> [Supplied records]:
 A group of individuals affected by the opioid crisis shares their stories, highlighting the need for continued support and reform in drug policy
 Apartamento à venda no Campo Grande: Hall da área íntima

...

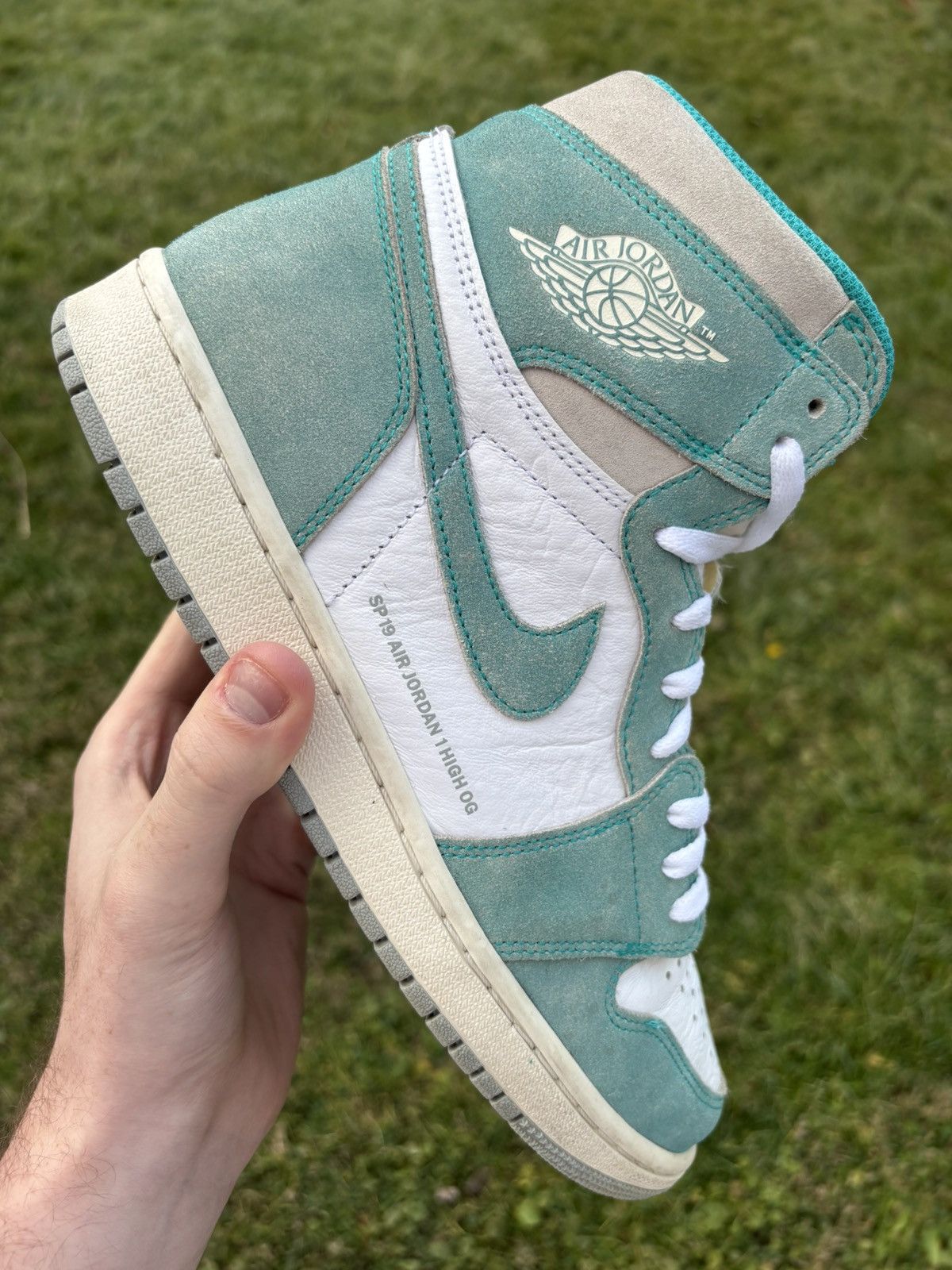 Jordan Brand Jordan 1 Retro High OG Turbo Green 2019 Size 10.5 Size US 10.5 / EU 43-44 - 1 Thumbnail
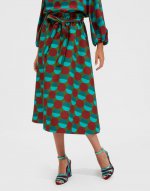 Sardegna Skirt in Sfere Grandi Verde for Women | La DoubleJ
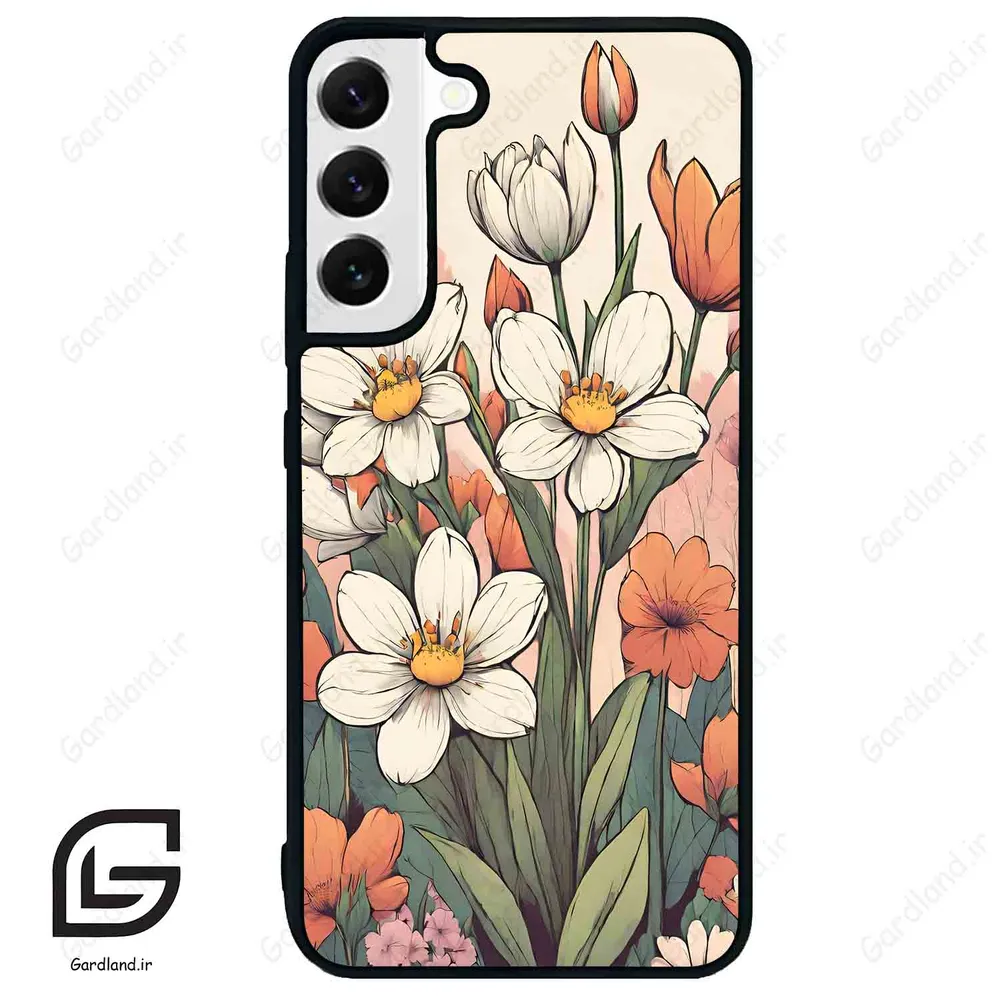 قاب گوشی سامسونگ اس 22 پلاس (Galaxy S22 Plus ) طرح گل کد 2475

* * *

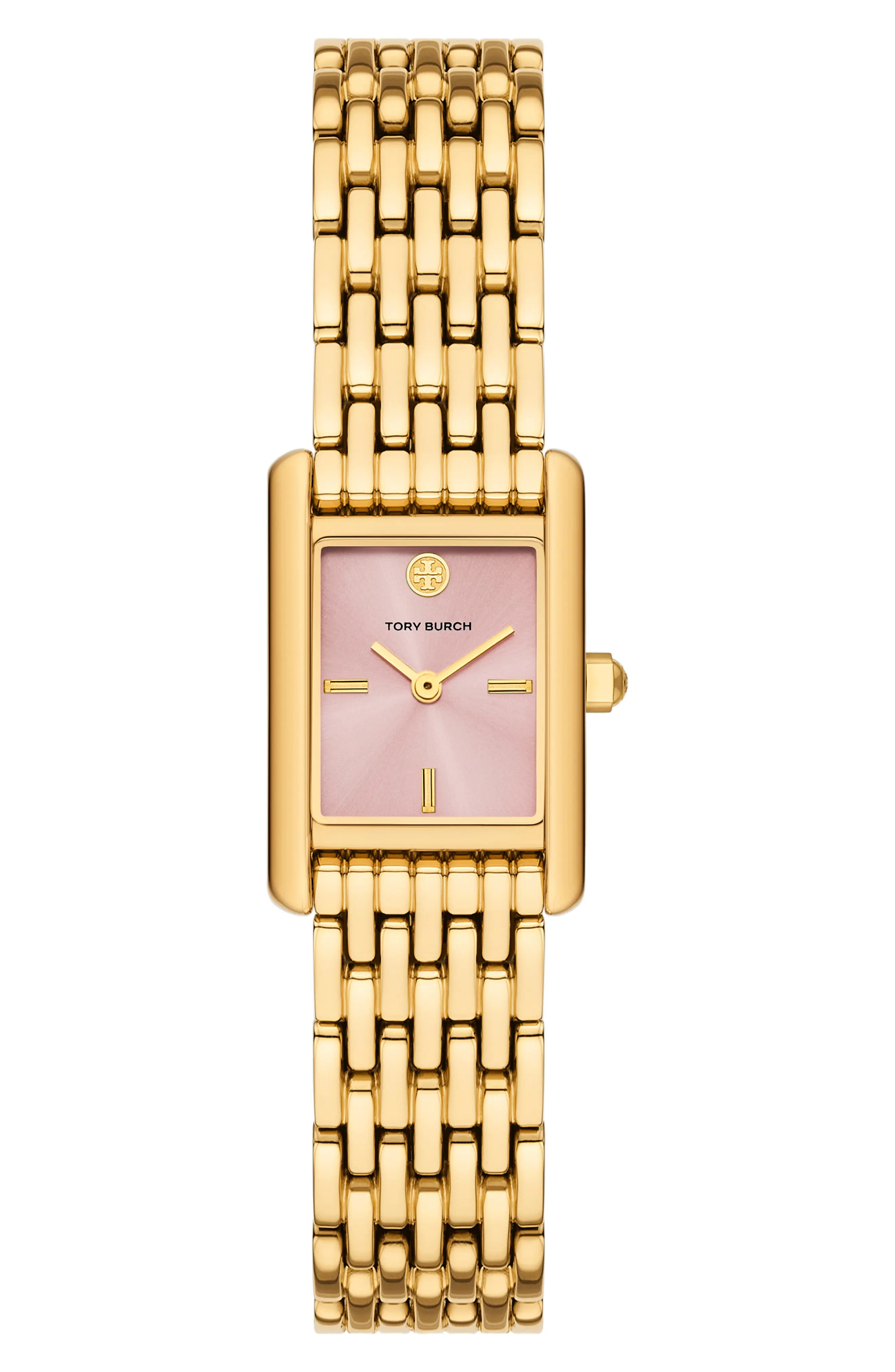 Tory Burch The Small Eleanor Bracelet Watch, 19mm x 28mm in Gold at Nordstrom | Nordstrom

> [What is expected]: Repeat exactly, and only, the entries from the line with "Jordan Brand Jordan" through the line with "قاب گوشی سامسونگ". Pictures are skipped.

> [Reply]:
 Jordan Brand Jordan 1 Retro High OG Turbo Green 2019 Size 10.5 Size US 10.5 / EU 43-44 - 1 Thumbnail
 Sardegna Skirt in Sfere Grandi Verde for Women | La DoubleJ
 قاب گوشی سامسونگ اس 22 پلاس (Galaxy S22 Plus ) طرح گل کد 2475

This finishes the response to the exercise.